- _GIVEN ENTRIES_

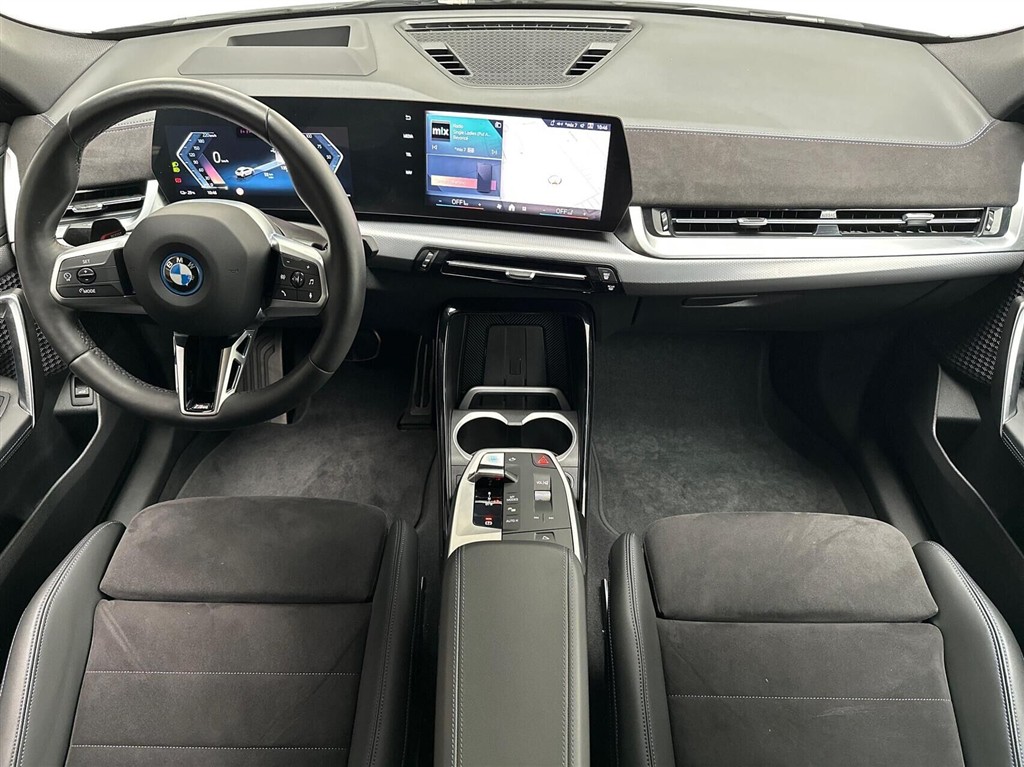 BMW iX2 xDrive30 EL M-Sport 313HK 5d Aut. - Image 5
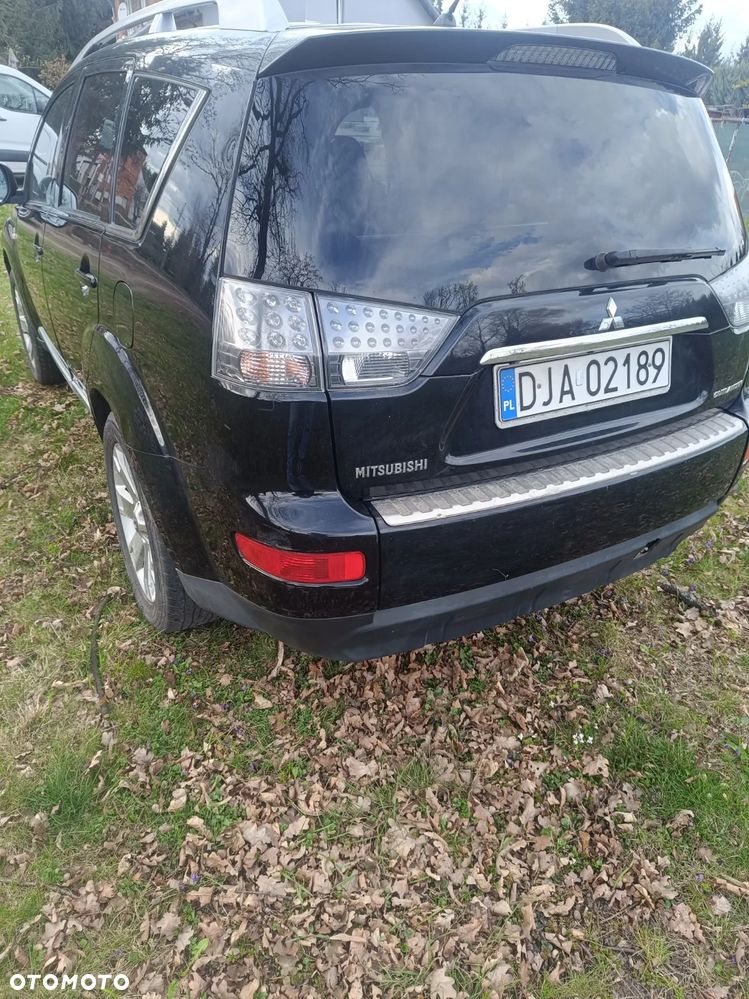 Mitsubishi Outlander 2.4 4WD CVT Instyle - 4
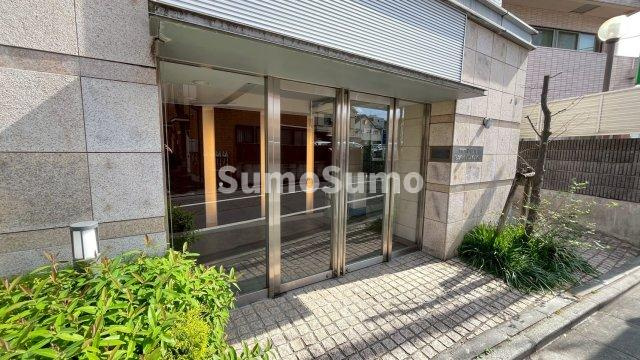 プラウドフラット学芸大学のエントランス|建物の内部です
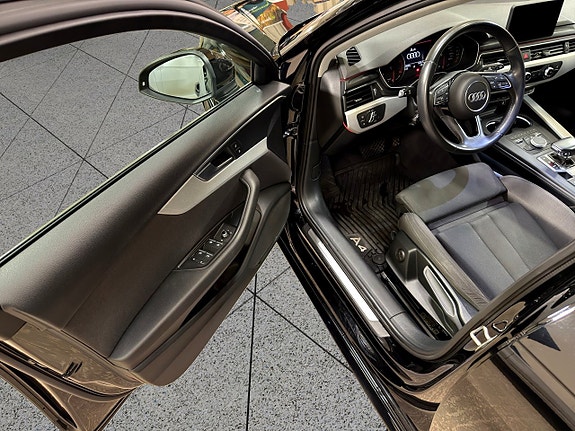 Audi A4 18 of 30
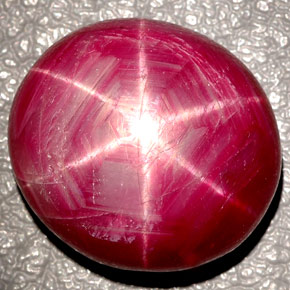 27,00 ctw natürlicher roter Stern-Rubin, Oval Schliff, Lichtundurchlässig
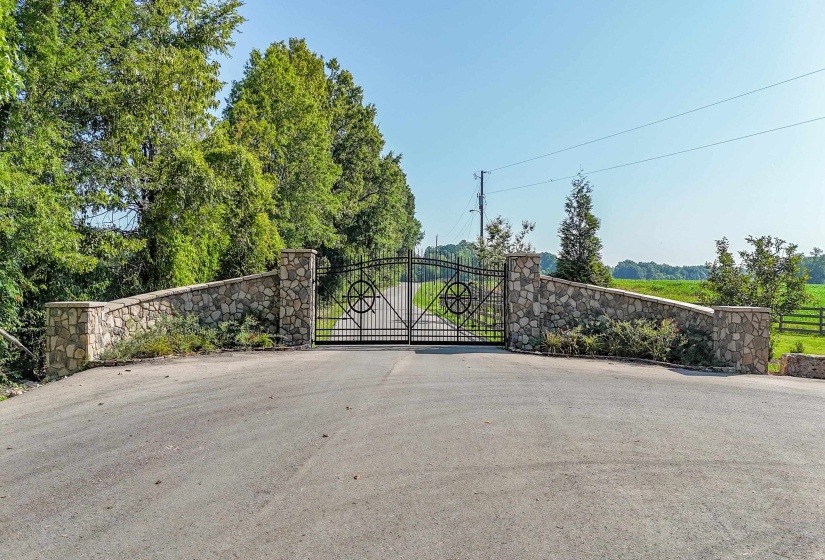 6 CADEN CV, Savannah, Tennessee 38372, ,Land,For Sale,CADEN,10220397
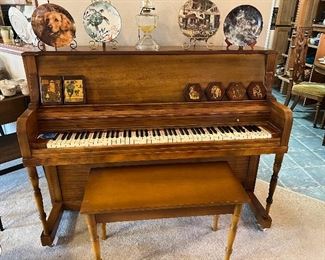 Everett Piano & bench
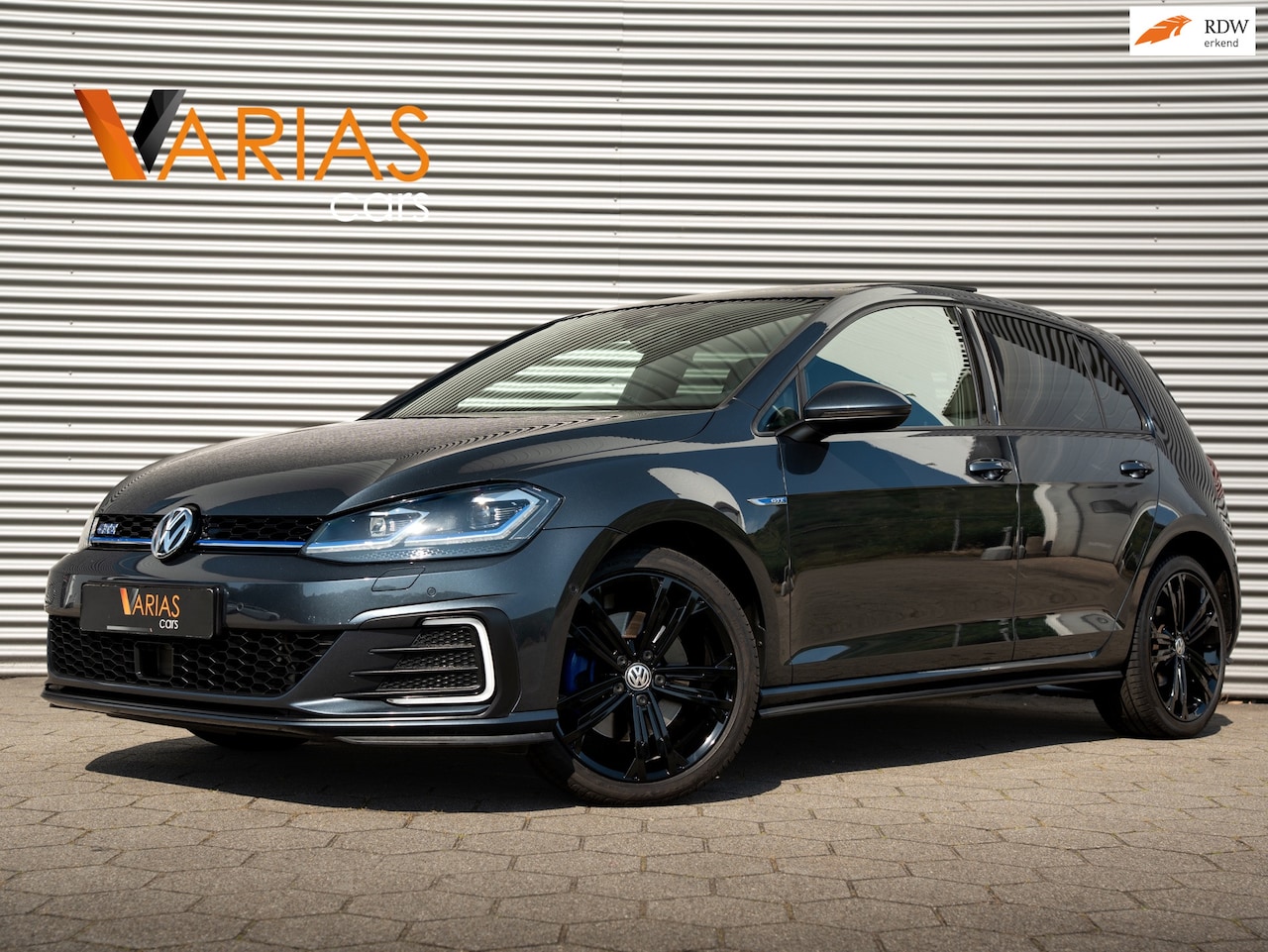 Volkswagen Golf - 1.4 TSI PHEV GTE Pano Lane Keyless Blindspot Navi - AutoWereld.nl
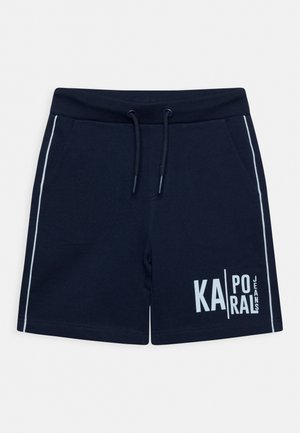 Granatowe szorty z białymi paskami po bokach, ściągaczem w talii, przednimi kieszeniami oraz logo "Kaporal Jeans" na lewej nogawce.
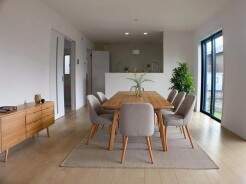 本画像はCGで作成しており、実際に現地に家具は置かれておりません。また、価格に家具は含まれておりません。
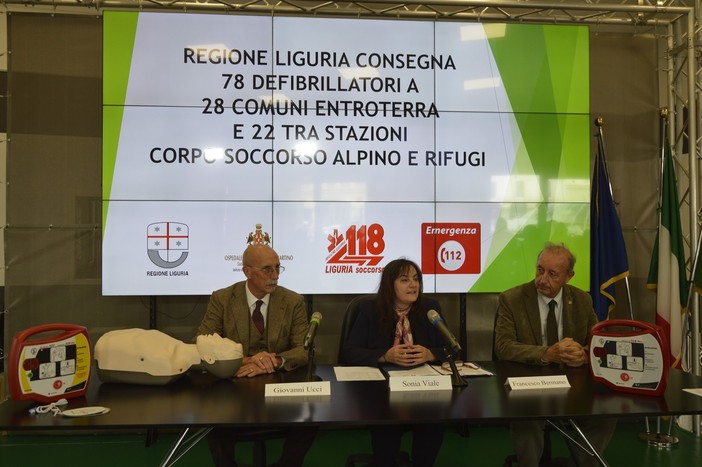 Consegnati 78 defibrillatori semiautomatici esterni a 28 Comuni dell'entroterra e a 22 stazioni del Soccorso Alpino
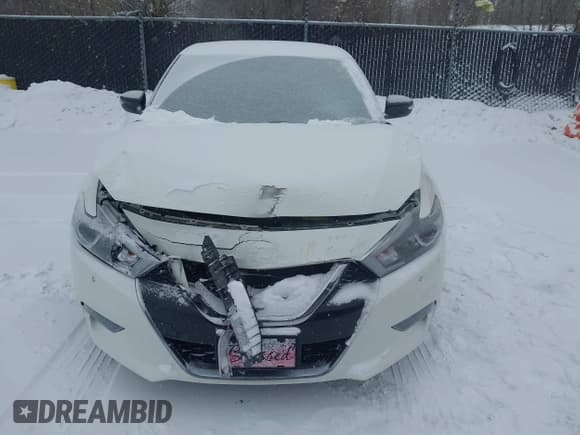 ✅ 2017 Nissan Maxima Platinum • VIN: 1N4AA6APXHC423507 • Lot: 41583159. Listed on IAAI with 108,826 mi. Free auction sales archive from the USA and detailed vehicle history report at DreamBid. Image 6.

- _YOUR ASSIGNMENT_
Please copy the data shown above precisely, leaving the images out.

- _YOUR SOLUTION_
 BMW iX2 xDrive30 EL M-Sport 313HK 5d Aut. - Image 5
 Mitsubishi Outlander 2.4 4WD CVT Instyle - 4
 プラウドフラット学芸大学のエントランス|建物の内部です
 Audi A4 18 of 30
 27,00 ctw natürlicher roter Stern-Rubin, Oval Schliff, Lichtundurchlässig
 6 CADEN CV, Savannah, Tennessee 38372, ,Land,For Sale,CADEN,10220397
 Everett Piano & bench
 Volkswagen Golf - 1.4 TSI PHEV GTE Pano Lane Keyless Blindspot Navi - AutoWereld.nl
 Granatowe szorty z białymi paskami po bokach, ściągaczem w talii, przednimi kieszeniami oraz logo "Kaporal Jeans" na lewej nogawce.
 本画像はCGで作成しており、実際に現地に家具は置かれておりません。また、価格に家具は含まれておりません。
 Consegnati 78 defibrillatori semiautomatici esterni a 28 Comuni dell'entroterra e a 22 stazioni del Soccorso Alpino
 ✅ 2017 Nissan Maxima Platinum • VIN: 1N4AA6APXHC423507 • Lot: 41583159. Listed on IAAI with 108,826 mi. Free auction sales archive from the USA and detailed vehicle history report at DreamBid. Image 6.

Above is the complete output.